Stuff I wrote elsewhere: in small-town drought, why the wells go dry

We’ve seen a lot of news media attention in New Mexico’s drought of 2013 to the little village of Magdalena, where the wells earlier this month went dry. Small towns are especially vulnerable in drought. But as I dug into the data the last few weeks, I realized that journalistically swooping down on the town that ran out may be missing something:

[L]ike Sherlock Holmes’ curious case of the dog that did not bark in the night, a key part of the story of the drought of 2013 in rural New Mexico may be the communities that have not been in the news, because they have not run out of water.

While solid numbers are hard to come by, some in the state’s water management community say they believe there are fewer small community water problems in 2013 than in the last major drought, of 2002-03. With the severity of the current drought, water tables all across New Mexico are dropping. But many communities threatened by drought last time around have upgraded their systems, making them more resilient.
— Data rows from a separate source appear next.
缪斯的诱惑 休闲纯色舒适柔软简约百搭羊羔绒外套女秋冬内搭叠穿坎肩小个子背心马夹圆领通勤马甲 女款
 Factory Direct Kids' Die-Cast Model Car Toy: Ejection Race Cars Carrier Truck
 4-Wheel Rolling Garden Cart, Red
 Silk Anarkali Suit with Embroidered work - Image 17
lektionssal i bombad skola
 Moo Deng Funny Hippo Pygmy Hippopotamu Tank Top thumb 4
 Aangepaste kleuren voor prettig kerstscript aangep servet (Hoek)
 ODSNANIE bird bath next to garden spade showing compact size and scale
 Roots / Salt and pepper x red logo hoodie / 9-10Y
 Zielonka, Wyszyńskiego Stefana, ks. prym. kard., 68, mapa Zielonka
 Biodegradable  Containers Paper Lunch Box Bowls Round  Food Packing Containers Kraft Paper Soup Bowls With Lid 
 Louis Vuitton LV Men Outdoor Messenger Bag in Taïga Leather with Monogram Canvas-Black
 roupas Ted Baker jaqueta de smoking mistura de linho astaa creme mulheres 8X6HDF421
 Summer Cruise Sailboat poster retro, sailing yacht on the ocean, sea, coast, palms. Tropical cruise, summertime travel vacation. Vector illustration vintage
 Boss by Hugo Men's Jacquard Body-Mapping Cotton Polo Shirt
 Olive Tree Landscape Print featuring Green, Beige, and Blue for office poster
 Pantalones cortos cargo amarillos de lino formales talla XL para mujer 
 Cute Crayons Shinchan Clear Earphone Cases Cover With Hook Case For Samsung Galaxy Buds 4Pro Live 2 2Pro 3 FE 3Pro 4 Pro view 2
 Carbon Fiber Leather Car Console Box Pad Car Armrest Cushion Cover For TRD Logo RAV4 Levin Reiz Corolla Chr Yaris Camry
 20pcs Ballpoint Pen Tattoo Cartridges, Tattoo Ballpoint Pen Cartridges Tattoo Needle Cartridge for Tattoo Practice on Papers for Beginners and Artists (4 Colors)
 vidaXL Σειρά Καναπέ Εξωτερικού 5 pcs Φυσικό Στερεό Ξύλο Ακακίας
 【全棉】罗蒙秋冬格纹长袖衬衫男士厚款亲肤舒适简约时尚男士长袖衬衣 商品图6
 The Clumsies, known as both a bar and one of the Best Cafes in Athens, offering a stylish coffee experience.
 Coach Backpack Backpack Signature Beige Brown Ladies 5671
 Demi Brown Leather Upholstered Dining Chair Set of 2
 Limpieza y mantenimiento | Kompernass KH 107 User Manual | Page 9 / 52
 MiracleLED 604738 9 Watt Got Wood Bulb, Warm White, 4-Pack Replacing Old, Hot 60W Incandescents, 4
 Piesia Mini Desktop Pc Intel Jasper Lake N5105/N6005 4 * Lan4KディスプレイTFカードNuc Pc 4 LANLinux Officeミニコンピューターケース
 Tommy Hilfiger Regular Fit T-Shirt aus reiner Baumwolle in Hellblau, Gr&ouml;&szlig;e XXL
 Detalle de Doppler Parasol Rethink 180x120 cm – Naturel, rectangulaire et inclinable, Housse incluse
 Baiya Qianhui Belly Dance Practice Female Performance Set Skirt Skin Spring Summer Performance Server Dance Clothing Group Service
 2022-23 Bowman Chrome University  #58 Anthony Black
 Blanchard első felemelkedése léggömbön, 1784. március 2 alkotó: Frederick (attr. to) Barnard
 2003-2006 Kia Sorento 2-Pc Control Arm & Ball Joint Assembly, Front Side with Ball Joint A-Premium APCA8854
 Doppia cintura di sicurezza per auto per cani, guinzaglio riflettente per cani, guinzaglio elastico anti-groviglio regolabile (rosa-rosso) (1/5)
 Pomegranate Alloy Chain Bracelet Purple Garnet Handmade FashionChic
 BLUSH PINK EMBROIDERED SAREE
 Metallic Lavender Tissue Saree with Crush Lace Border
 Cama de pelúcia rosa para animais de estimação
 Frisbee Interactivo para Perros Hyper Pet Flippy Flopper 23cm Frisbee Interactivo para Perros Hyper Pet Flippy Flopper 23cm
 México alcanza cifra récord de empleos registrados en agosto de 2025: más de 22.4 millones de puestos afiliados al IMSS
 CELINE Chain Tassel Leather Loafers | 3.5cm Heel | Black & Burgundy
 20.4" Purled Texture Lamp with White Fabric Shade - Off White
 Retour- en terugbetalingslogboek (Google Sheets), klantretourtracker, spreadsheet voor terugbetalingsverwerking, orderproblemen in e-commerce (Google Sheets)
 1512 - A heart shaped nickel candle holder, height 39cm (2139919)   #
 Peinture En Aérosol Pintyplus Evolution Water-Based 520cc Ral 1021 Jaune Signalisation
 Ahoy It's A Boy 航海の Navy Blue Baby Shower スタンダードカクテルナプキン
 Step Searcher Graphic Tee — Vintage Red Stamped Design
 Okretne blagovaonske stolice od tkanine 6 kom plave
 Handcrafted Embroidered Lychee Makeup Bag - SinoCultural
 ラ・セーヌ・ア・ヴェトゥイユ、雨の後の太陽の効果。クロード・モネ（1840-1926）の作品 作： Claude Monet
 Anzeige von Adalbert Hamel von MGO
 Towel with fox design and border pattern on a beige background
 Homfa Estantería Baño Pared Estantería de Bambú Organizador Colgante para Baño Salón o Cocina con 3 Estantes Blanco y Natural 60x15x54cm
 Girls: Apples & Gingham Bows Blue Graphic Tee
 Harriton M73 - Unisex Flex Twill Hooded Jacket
After a similar drought ten years ago, the state did an analysis of the towns that went dry:

The 2005 report found that such infrastructure neglect was a common denominator in the communities that lost their water during the 2002-03 drought. “Almost all of these ‘emergencies’ were in fact due to a chronic lack of adequate management, maintenance, and system planning,” the report concluded. The communities where water systems failed “were not robust enough to handle the stress of drought conditions,” the report found.